The pink-chalk late winter sunrise peeked through the trees beyond my office window as I played out a chapter of my literary life’s version of “all good things come to an end.” Behind me stood a tower of storage containers. I’d begun packing up ten years of research that went into my novel The River by Starlight, more than eighty books, clippings from thirty newspapers across fifty years, maps, photos, antique curios, and a tub of over a hundred pencils from dozens of libraries and archives visited. How I loved every minute of that research. Many writers talk of “going down the rabbit hole,” warning of its distractions and frittered time, but it was never that to me. The hunt for one more fact or one more insight was always exhilarating. The rabbit hole led to a fuller picture of the story I was trying to tell. It brimmed with wonder and delight.

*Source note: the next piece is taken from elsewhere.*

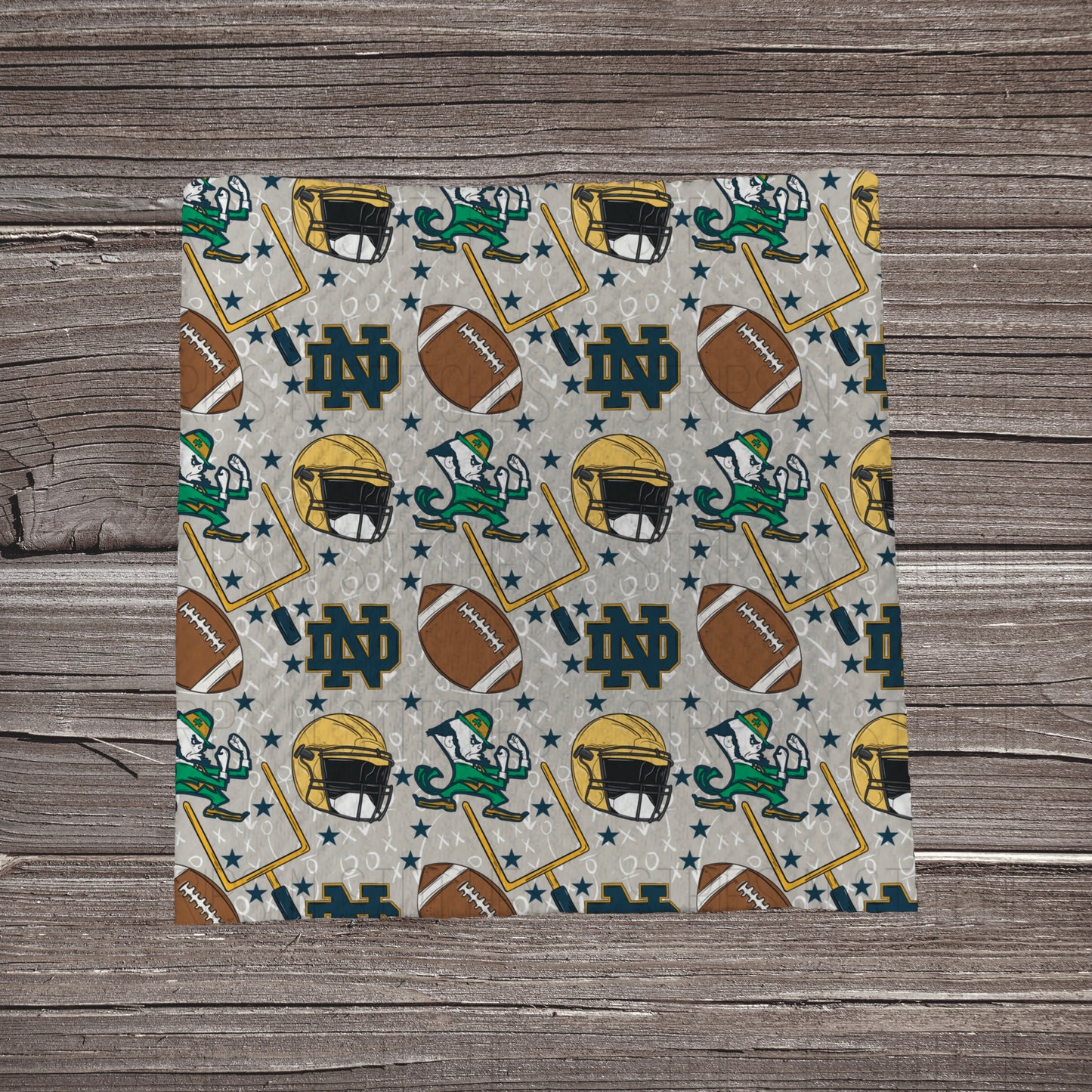 Fighting Irish- Playbook | Fabric Strip- Bow Making- Headwrap- Scrunchies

As I closed up those boxes, the chalky dawn triggered the memory of a passage from my book that had met with the Delete button during revision.
The house’s backyard is a patch of dirt packed hard as rock. Annie decides it would take a stick of dynamite to break ground for a garden. Instead she buys a few sticks of chalk to make hopscotch squares for the girls.
Hipscotch, hopscotch, hip-hip-hooray…
Templehupfen, her mother called the game. Trampled-house-pen? Annie’s young tongue twisted the foreign sounds helplessly. Ma glared, rolled her eyes. The last square, she explained as if talking to an imbecile, is the safe square—the temple. You want to get to the temple because you want to be safe.
Amanda’s fear of the Lord pervaded even a child’s jumping game.
I’d forgotten that bit of research about children’s games in 19th century Europe. But I smiled because my writer’s fascination with the obscure comes as easily as … child’s play.
Several years later, I’m still sifting through piles of files because I’m constantly stopping to admire some long-forgotten tidbit I’d saved. Peeks at the past with headlines like “Beer Causes Insanity” and “The Canned Green Pea Bomb” were just too choice to toss.
So I launched an occasional series on my blog called Horse Sense and Nonsense from the Rabbit Hole. “Shut Your Ashpan” originally appeared as filler in a Minnesota newspaper in 1909. I knew the phrase to be a railroad fire prevention instruction. But as a metaphor-loving wordmeister, I also knew the piece would sport a sharp elbow of opinion.
And indeed, across the eleven decades since, up to our lamentably uncivil present-day public discourse, train buffs, and etymology lovers alike might agree that “Shut your ashpan” is advice for the ages.
That irresistible rabbit hole—an infinite trove of timeless relevance, and always time well spent.
SHUT YOUR ASHPAN
Pine Island Record, April 1909
On almost every railroad the old sign, “Shut Your Ashpan,” occasionally has puzzled the traveler who sees it flash past the window and does not understand its meaning: yet it is very simple, indeed, and the motto might well be adopted as a daily maxim by a good many of us who are prone to hasty speech . . . “Shut your ashpan” signifies that a train is nearing a wooden bridge and warns the fireman to take precaution against live coals setting it on fire. There are occasions in daily life that closely compare with the wooden bridge. Words of almost any kind are sparks to tinder in some situations, and every time that happens the man who keeps still has all the advantage over the man who is quick with the retort. It would reduce friction a whole lot and make life a great deal happier if the average citizen would learn to recognize the danger signals in such instances and practice the railroad advice, “Shut your ashpan.”